In the US the “most successful” charter schools according to Hekia Parata and ACT are the KIPP schools (Knowledge is Power Programme) and yet research shows KIPP schools weed out 30% of kids before they get to Grade 8 (our Year 9). The figure climbs to a staggering 40% for African-American boys. Children with special needs feature in the long lists of discarded kids.

Meanwhile here in New Zealand children with special needs don’t even get inside the front door. What a scandal.

Finding a better example of the cynical abuse of New Zealand children for ideological reasons would be hard to find.

Meanwhile the most significant group of children failing in our schools are transient children (kids who shift schools frequently because of poverty-related issues) and we can be sure none of these children are enrolled in any charter schools either.

Charter schools were always a con. Last week Hekia Parata underlined the point.


  1. Any other government would be out on their ear by now ,why is national still in POWER?
    There is something not right that this government is getting away with so much wrongdoing.
    The Herald dosnt say a word about this, National is molding the country just how it wants it ,and its not good for the people.

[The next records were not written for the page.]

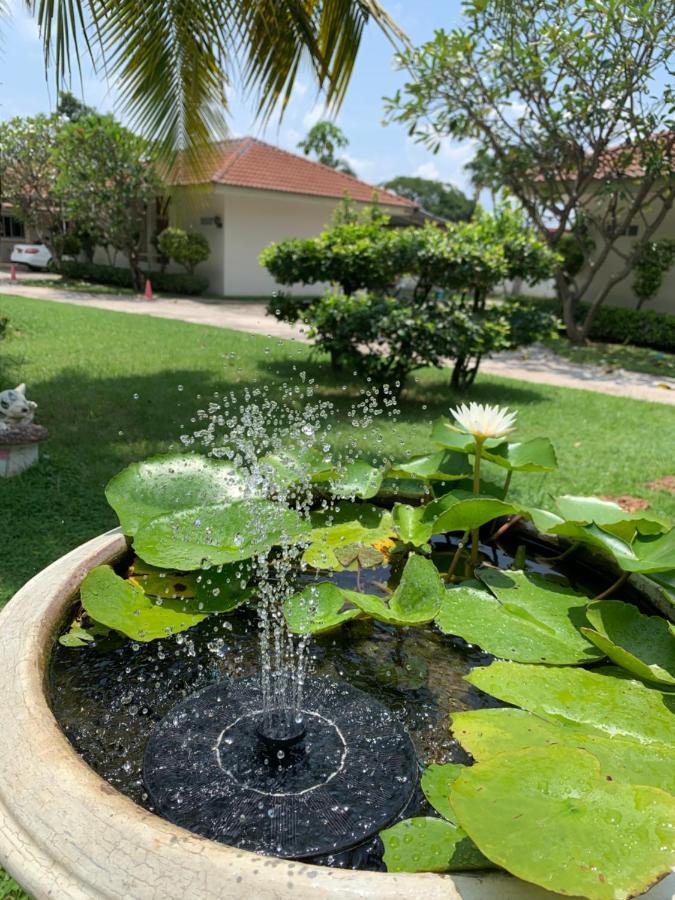 The Orchid House Hotel Nong Kung Yai Exterior photo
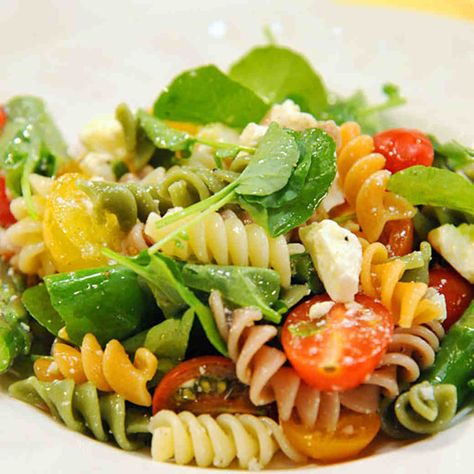 This colorful, flavorful pasta salad makes a family-friendly side dish for any warm-weather gathering. Mac Salad Recipes, Mac Pasta Salad, Lemon Parmesan Pasta, Resep Pasta, Spiral Pasta, Pasta Salad Dressing, Mac Salad, Martha Stewart Recipes, Resep Salad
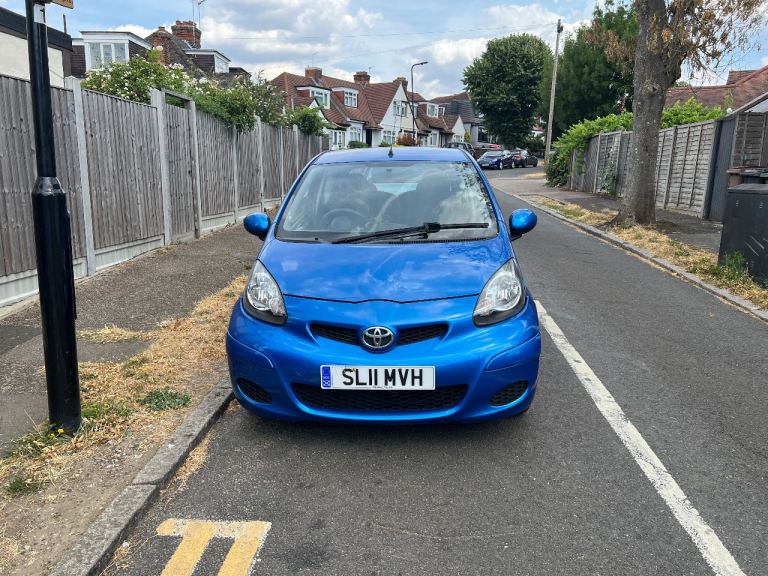 Toyota, AYGO, Hatchback, 2011, Manual, 998 (cc), 3 doors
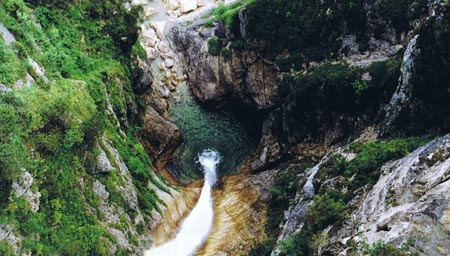 2.0....und leider auch nach gaaaaaaaaaaaaaaaaaaaaaaanz tief unten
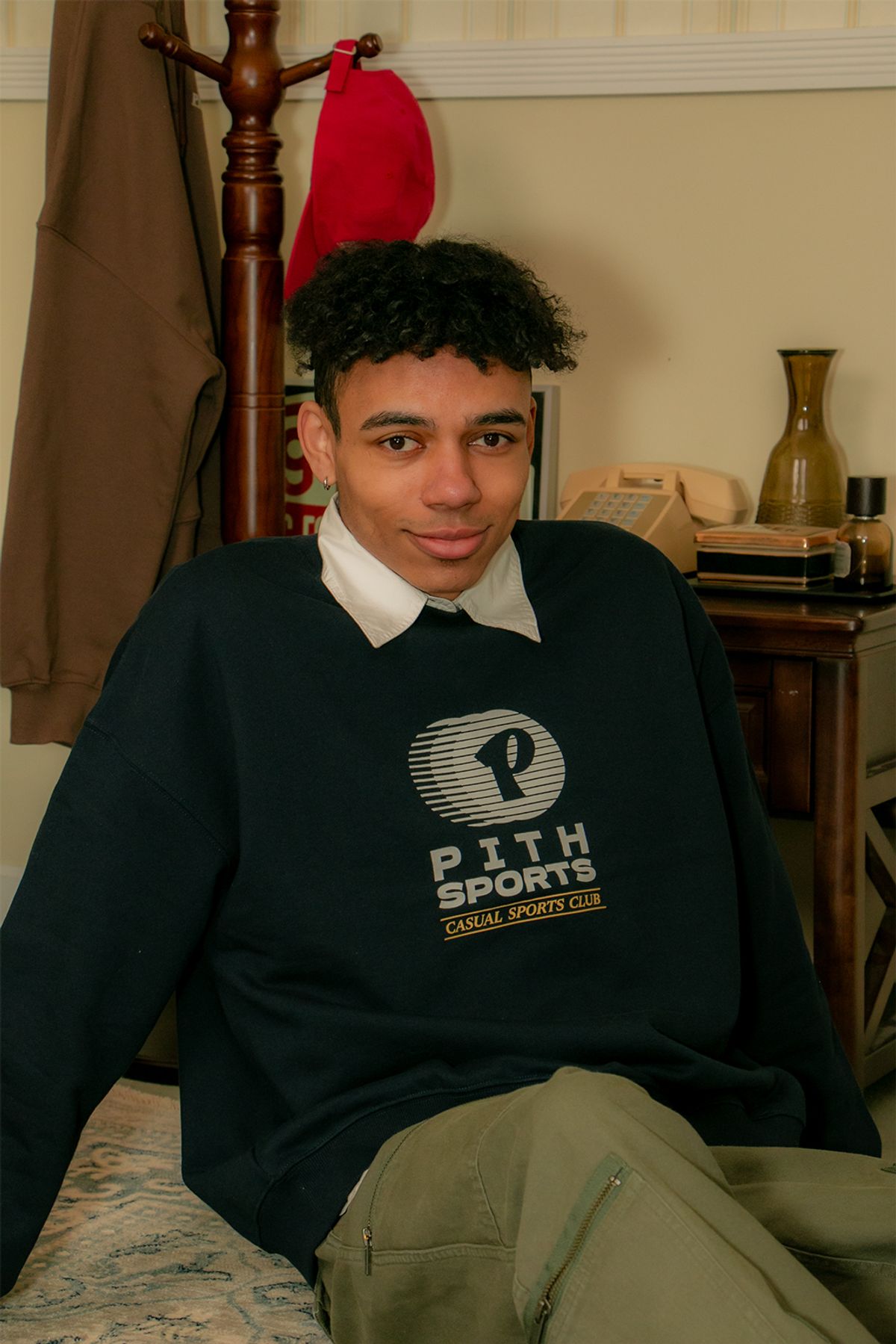 피스스포츠(PITHSPORTS) Sports Club Sweatshirt (Navy)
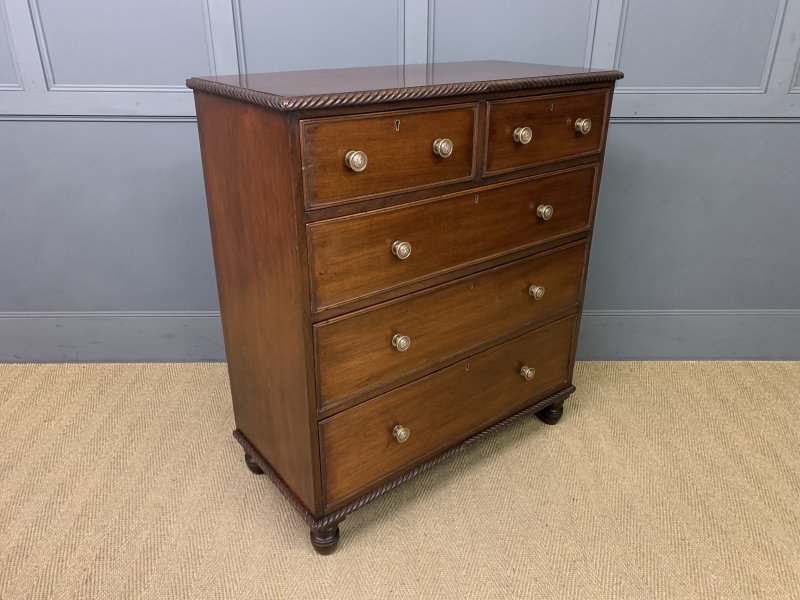 George IV Mahogany Chest of Drawers - Image 10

      • So votes to my comment to date are 10 votes and minus 2. So the opinion of those who voted is firstly, no you do not want to provide a real alternative, and secondly, slagging off middle new Zealand is ok.

      • Nope, that’s not it, Dan.

        And as for “providing a real alternative” – why are Charter Schools taxpayer funded? If those “alternatives” to state schools are so gloriously successful, why do they require taxpayer funding?

        And why doesn’t National fund every other business in this country?

        That’s not free enterprise, Dan, that’s crony capitalism.

        And more still, it’s evidence that without taxpayer subsidies, Charter Schools would not be “successful”.

        • Yep Dan, get a better pair of blinkers. The ones you are wearing at the moment have massive holes in them.

          Misleading the public in order to provide an advantage to a small group of private investors is, quite simply “misleading the public in order to provide an advantage to a small group of private investors”.

          This remains true not matter what kind of “blinkered spin” you’d like to put on it.

          • Sorry – upon re reading my post, it was misleading. I was responding to the comment by ELLE who asked “Any other government would be out on their ear by now ,why is national still in POWER?”. My reply to this comment was ” Perhaps by providing a real alternative and not slagging off middle New Zealand at every opportunity.” As for Charter Schools, I am not qualified to comment.

            • you have not outlined “real alternative” and in a discussion about the clear empirical failure of charter schools… that does look pretty silly

              • not only that – its appalling sentence structure and use of language that makes no actual sense.

                dan – your response is actually a reply to”‘what should the opposition do” not “why is the govt still in power”

                And thats not even touching the narrow, blinkered and sloganistic nature of your reply

        • “And as for “providing a real alternative” – why are Charter Schools taxpayer funded? If those “alternatives” to state schools are so gloriously successful, why do they require taxpayer funding?”

          Because the kids they are targeting can’t afford the fees.

          • Nehemia – So get rid of the fees.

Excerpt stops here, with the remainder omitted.